Beberapa karya Husserl yang utama antara lain Logical Investigation (1900), Philosophy as Rigorous Science (1991), Ideas (1931), Formal and Transcendental Logic (1929), Cartesian Meditations (1931), The Crisis of The European Sciences and Transcendental Phenomenology (1936) dan Phenomenological Psychology (1962) (Moran; 2002, 59). Karya filsafat Husserl mengguncang pemikiran filsafat dan memengaruhi banyak pemikir berpengaruh lainnya seperti, antara lain Max Scheler, Martin Heidegger, Edith Stein, Eugen Fink, Jean-Paul Sartre, Emmanuel Lévinas, Rudolf Carnap, Hermann Weyl, Maurice Merleau-Ponty, dan Roman Ingarden, bahkan bisa ditambahkan penulis untuk saat ini.
Lalu, bagaimana fenomenologinya? Sebagaimana dikatakan, Husserl sebelum menggeluti filsafat, pada awalnya ia seorang pakar Matematika, lalu kemudian tertarik mengulik filsafat dan memulai karier filsafatnya di bawah arahan Franz Brentano. Brentano diketahui berusaha membangun ilmu pengetahuan universal. Brentano beranggapan, bahwa ilmu pengetahuan universal mesti mengambil bentuk dalam psikologi deskriptif dan fenomenologis yang membatasi diri pada fenomena empiris dan secara adekuat mendeskripsikan fenomena-fenomena tersebut. Secara konsekuen, dalam asumsi Brentano, fenomenologi merupakan sebuah psikologi.
Husserl memang menjadi murid Brentano dan mendapat pengaruhnya tetapi ia juga mengambil jarak dari gurunya itu. Husserl mengembangkan fenomenologi transendental (transcendental phenomenology). Alasan dikatakan transendental karena penekanannya pada relasi pra-reflektif kesadaran terhadap dunia (Sambera; 2008, 19). Husserl berasumsi, kesadaran (consciousness) merupakan satu-satunya akses langsung (immediate) kepada dunia (fenomena). Tentu saja perlu hati-hati memengerti Husser di sini. Dapat kita tarik asumsi, bahwa Husserl tidak bermaksud menekankan kesadaran di atas fenomena, melainkan keterhubungan keduanya. Dalam hal ini, fenomenologi bukan subjektivisme sebab menurut Husserl, kesadaran selalu bersifat intensional. Maksudnya bagaimana?

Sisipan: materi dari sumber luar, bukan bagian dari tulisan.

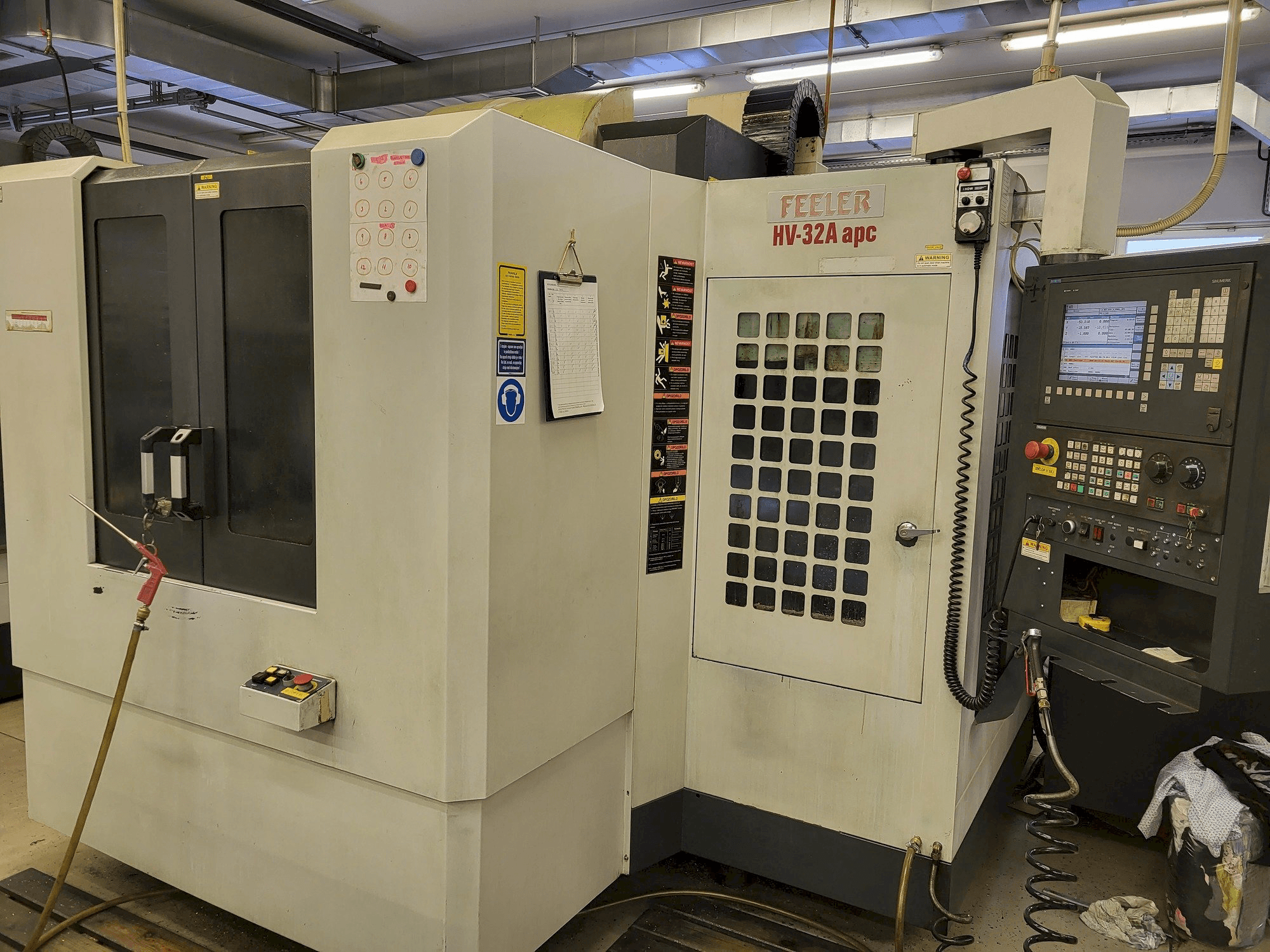 Front view of Feeler HV-32A-APC machine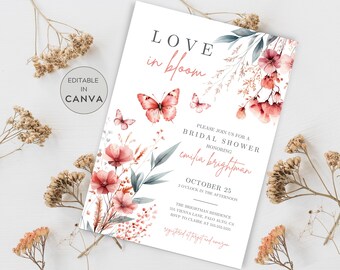 May include: A floral bridal shower invitation with a watercolor design featuring pink flowers, butterflies, and greenery. The text reads "Love in Bloom" and includes the bride's name, "emifa brightman", the date, "October 25", and the time, "2 o'clock in the afternoon".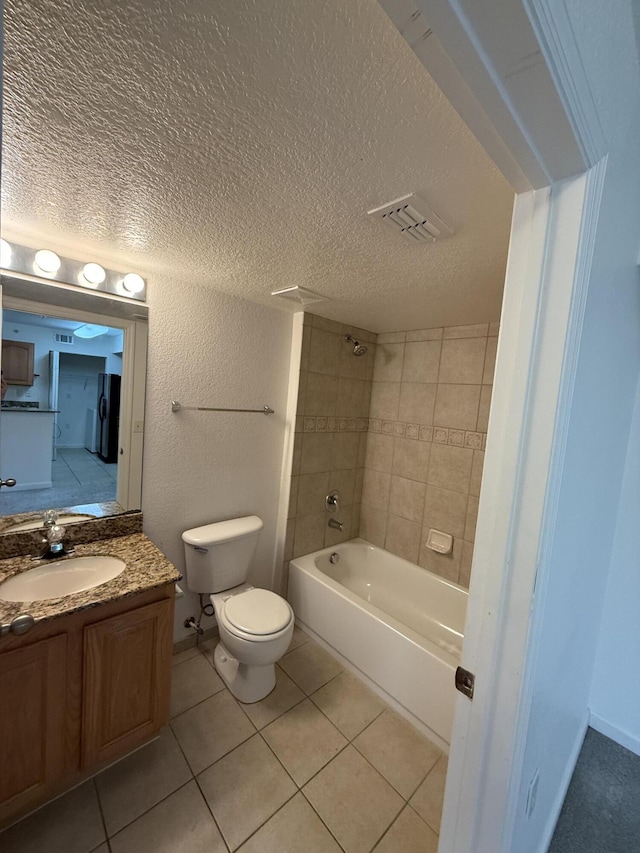 full bathroom featuring tile patterned floors, vanity, toilet, and tiled shower / bath combo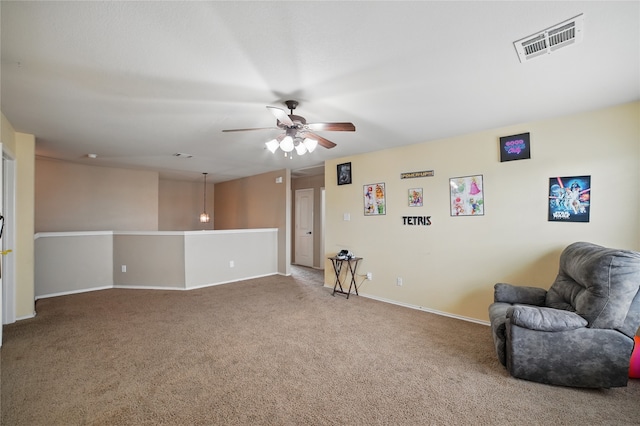 unfurnished room with carpet, ceiling fan, and baseboards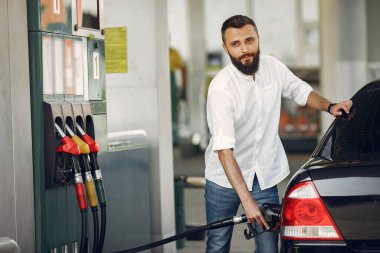 Yakışıklı adam bir depo arabaya benzin dolduruyor.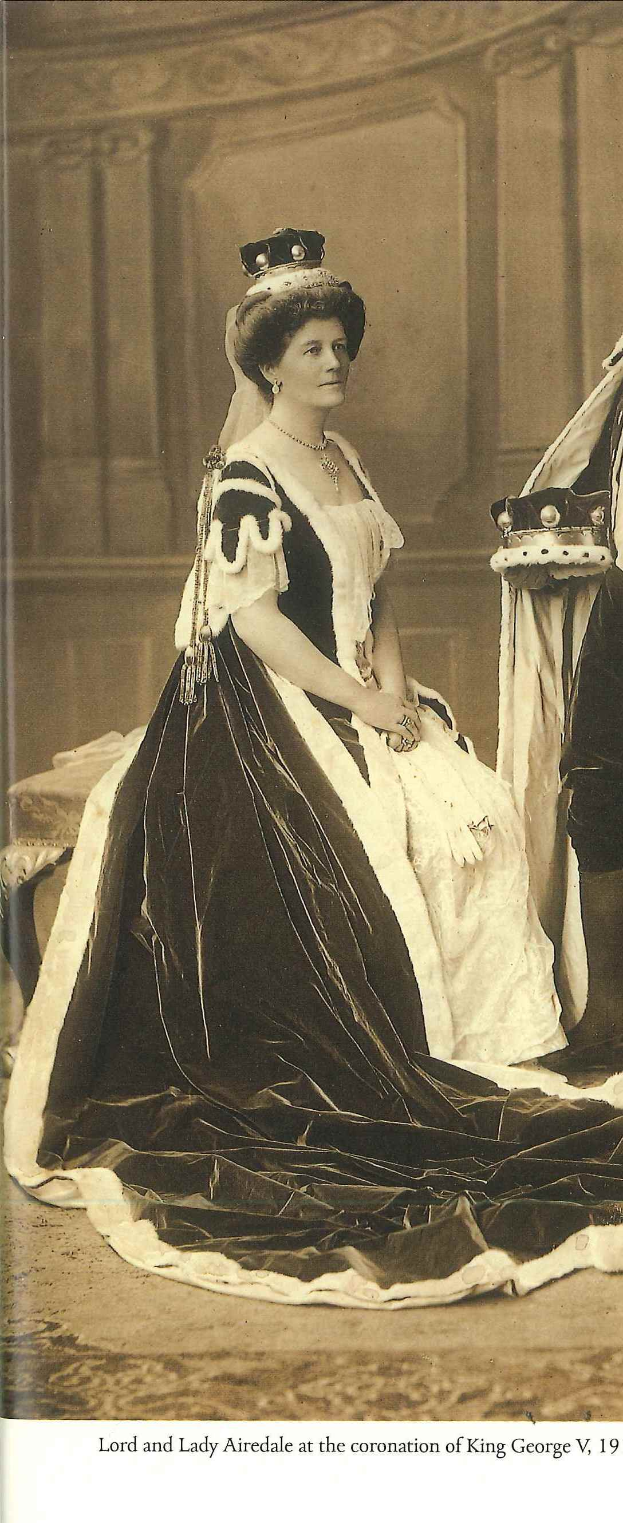 Lady Airedale, in einem schwarzen und weißen Kleid, steht vor einer Wand mit einem Objekt rechts daneben und Text unten im Bild.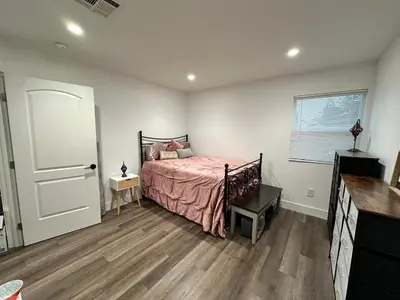a bedroom with a bed and a window and a door at Bright Corner Home Retreat Near SoFi in Los Angeles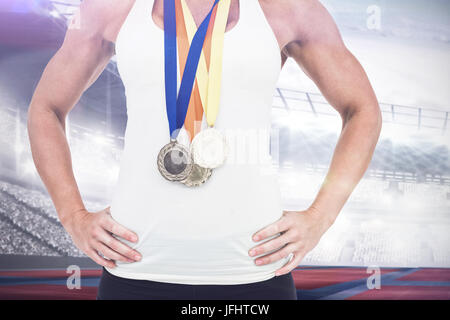 Composite image of female athlete wearing medals Stock Photo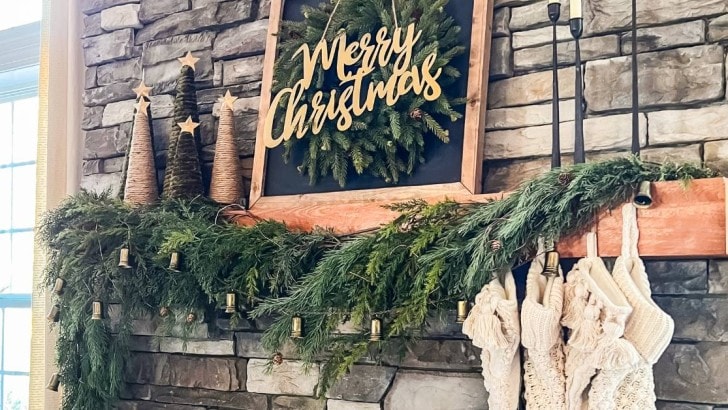 stone fireplace with wood mantel decorated for Christmas with greenery and knit stockings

Intentionality is a ubiquitous character of consciousness, and as the phenomenologists put it, it means that all consciousness (all perceptions, memories, imaginings, judgements, etc.) is about or of something. In that sense, experience is never an isolated or elemental process. It always involves reference to the world (Gallagher; 2012, 7).
Dapat diartikan bahwa kesadaran selalu merupakan kesadaran akan sesuatu. Husserl menekankan bahwa kesadaran bersifat intensional, artinya kesadaran selalu diarahkan kepada sesuatu entah itu objek, ide, atau pengalaman lain. Seseorang yang sadar akan adanya sesuatu yang tampak seperti bola sudah pasti ada sesuatu seperti bola yang disadarinya. Ia selalu terhubung pada sesuatu yang bukan kesadaran, yakni fenomena. Dalam fenomenologi Husserl, hubungan antara kesadaran dan yang bukan kesadaran (fenomena) bersifat pra-teoretis atau sebelum segala pengkonsepan (Sambera; 2008, 19)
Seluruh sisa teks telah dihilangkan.